Alberta to House $11.5B Low-Carbon Complex
On November 28, Michigan-based material science company, Dow Inc., made a groundbreaking announcement. After two years of planning, Dow has decided to move ahead with the construction of the world’s first net zero Scope 1 and 2 emissions ethylene cracker and derivatives complex in Fort Saskatchewan, Alberta.
Federal officials say the total investment of the project will be more than $11.5 billion—which includes $8.9 billion from Dow and additional federal and provincial incentives—and expect it to create up to 7,000 jobs at peak construction, and between 400 - 500 full time jobs once the facility is up and running.
The facility will convert the site’s cracker off-gas into hydrogen, which can be used as a clean fuel in the ethylene production process. In addition, carbon dioxide emissions will be captured for off-site storage, reducing existing emissions by 1 Mt CO2e annually, and abating emissions from the facility’s new capacity.
In a release, Dow said it selected the Fort Saskatchewan site for the project due to the access to existing CO2 transportation and storage infrastructure with available capacity to fully support decarbonization of the project.
Alberta also has readily available, highly cost-competitive natural gas, and cost-advantaged ethane, a key feedstock for ethylene production.
The announcement from Dow comes months after the implementation of the federal government’s new Investment Tax Credit program (ITC), and will be the first project to take advantage of the new incentives.
During the initial announcement of the project in 2021, Dow CEO Jim Fittering noted that Alberta was an attractive destination for the project due to its status as a “first-mover” on carbon capture technology.
Canada has lofty net zero ambitions, and federal and provincial governments have been investing in the green transition. Now those investments are paying dividends (to the tune of $11.5 billion).
Alberta is Becoming a Global Destination for Low-Carbon Projects
In June 2020, the Alberta Carbon Trunk Line (ACTL) became operational. It’s the world’s newest large-scale integrated carbon capture, utilization, and storage system. The ACTL delivers captured emissions to mature oil and gas reservoirs in Central Alberta for use in enhanced oil recovery and permanent storage. At full capacity, it can transport up to 14.6 million tonnes of CO2 per year, which represents approximately 20 per cent of all current oil sands emissions, equivalent to the CO2 from more than 2.6 million cars in Alberta.
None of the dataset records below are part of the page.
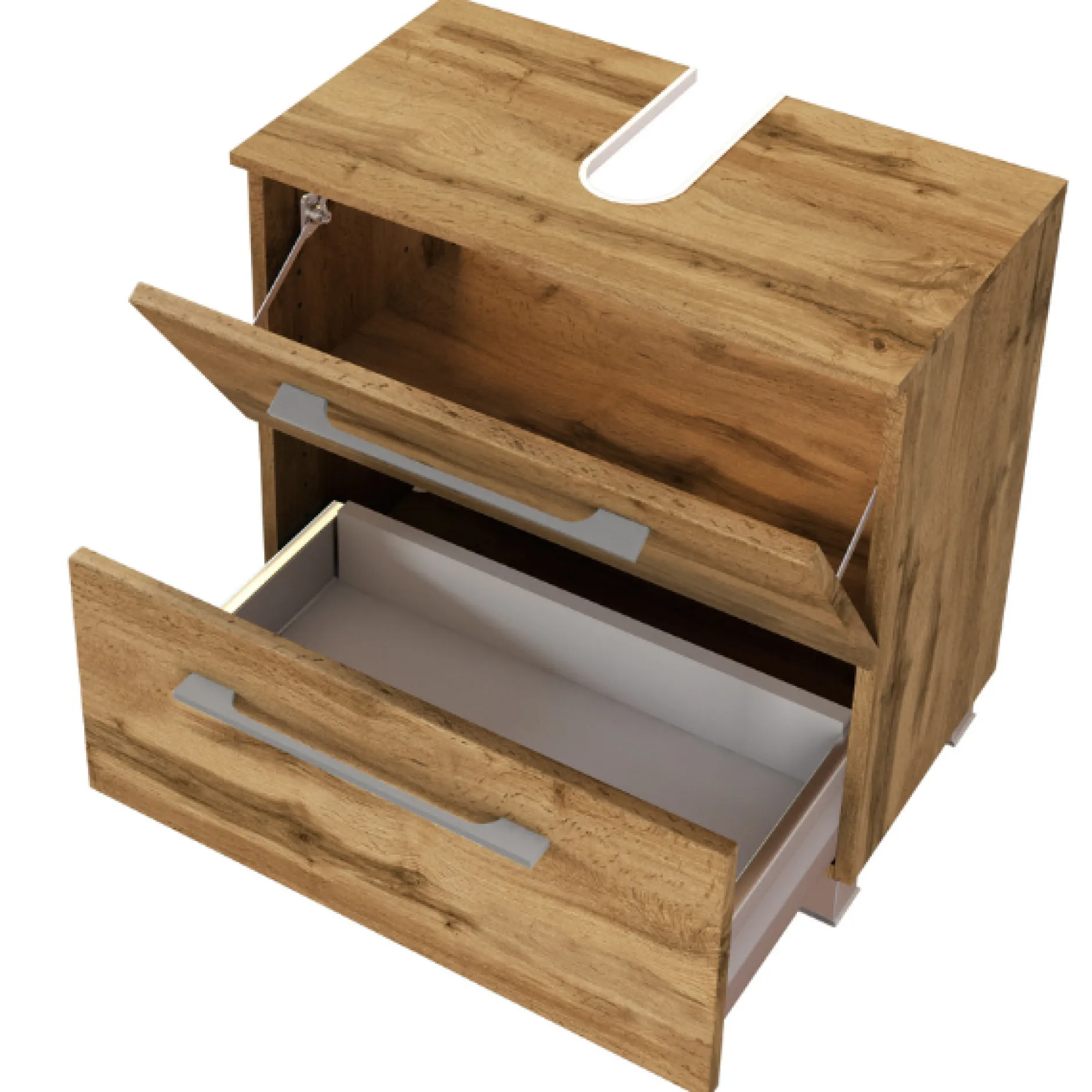 SefaBadezimmer : Wandschrank, Spiegelschrank, Waschtischunterschrank - Eiche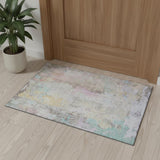 3' X 5' Taupe Teal And Purple Abstract Washable Area Rug With UV Protection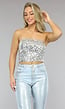 Zilveren Strapless Crop Top met Pailletten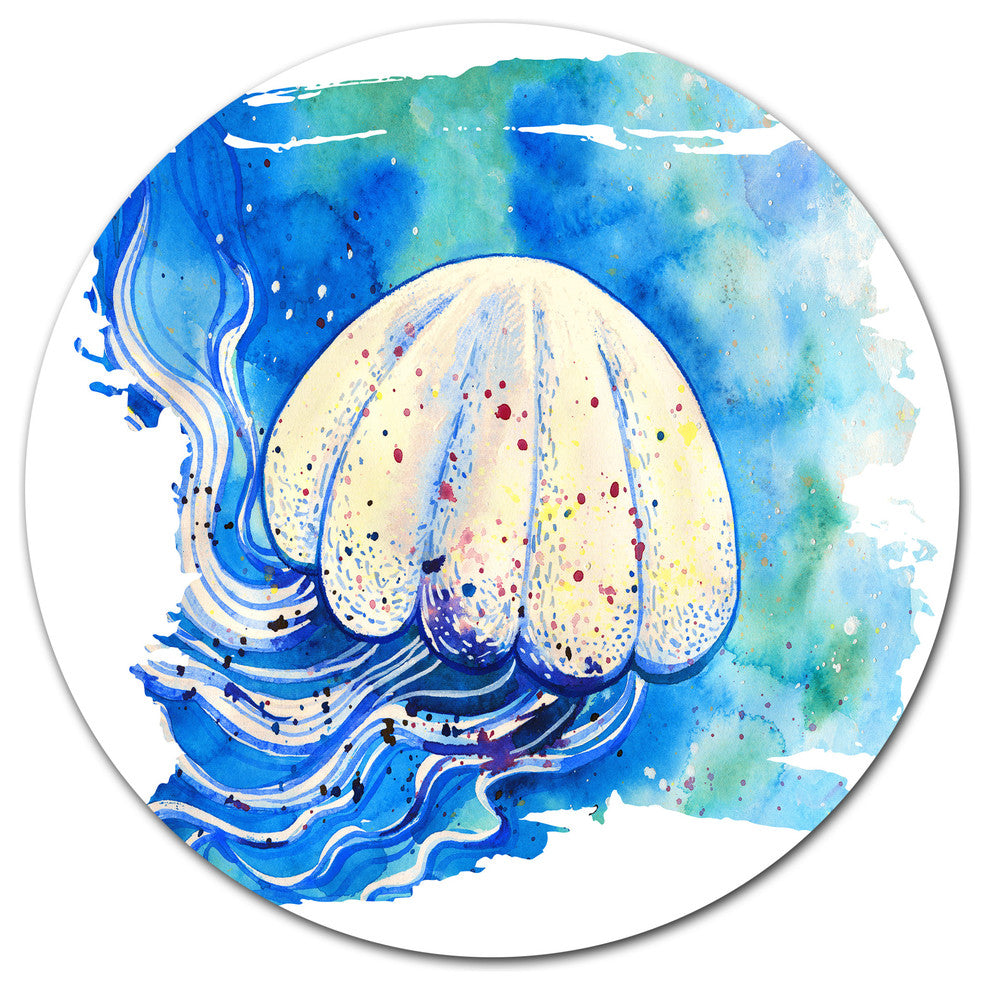 Jellyfish Watercolor Painting, Animal Disc Metal Artwork, 11"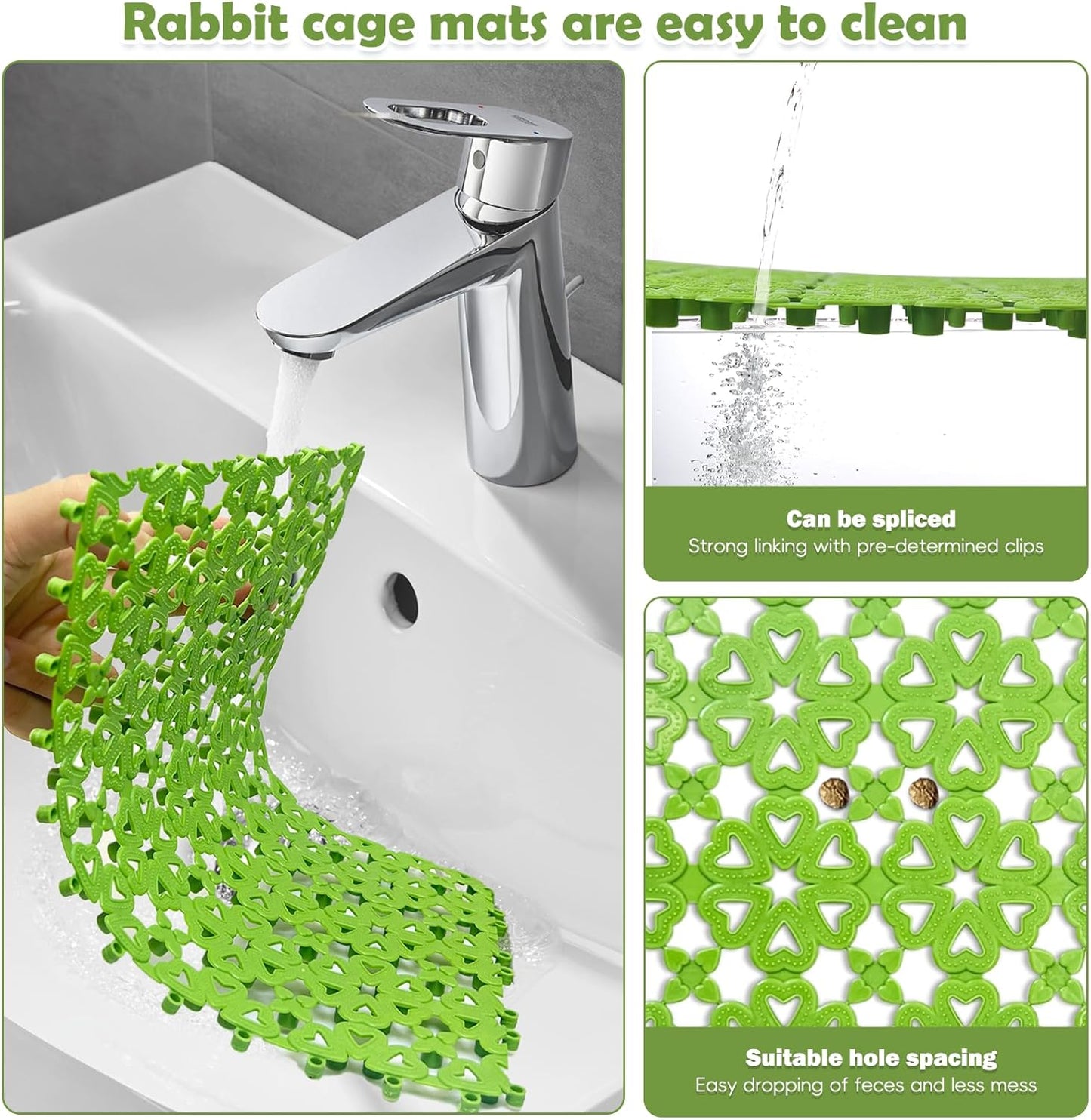 kathson 16PCS Rabbit Mat Plastic Cage Mat Floor Mats Bunny Hole Leak Water Pads for Pet Cats Dogs Hamster Rat Chinchilla Guinea Pig and Other Small Animals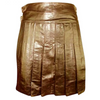 BROWN LEATHER FULLY PLEATED KILT-BRW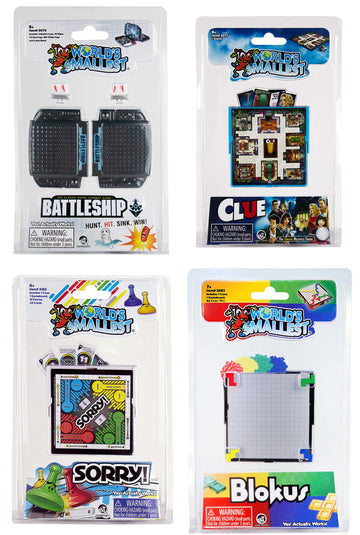 Worlds Smallest Board Games Set of 4 - Clue  Sorry  Battleship  Blokus (Bundle)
Just south of Dow’s new project in Fort Saskatchewan, the newly established Hydrogen HUB in Edmonton is expected to accelerate the development of hydrogen-based technologies, putting the city on the map as a global supplier of clean, low-cost hydrogen. The hydrogen market is expected to be a $2.5 trillion per year market by 2050, and could be the future of the energy industry in Alberta. Currently the HUB has plans for more than 25 projects related to the production, transportation and end use of hydrogen, and carbon capture and storage, which will fuel job creation, international investments, and economic opportunities in the province.
These early investments represent an enormous economic opportunity, and have helped establish Alberta as a global competitor and a go-to destination for low-carbon projects. Perhaps most importantly, Alberta’s recent success in attracting multi-billion dollar projects could serve as a blueprint for regions across the country to sustain net zero economic growth.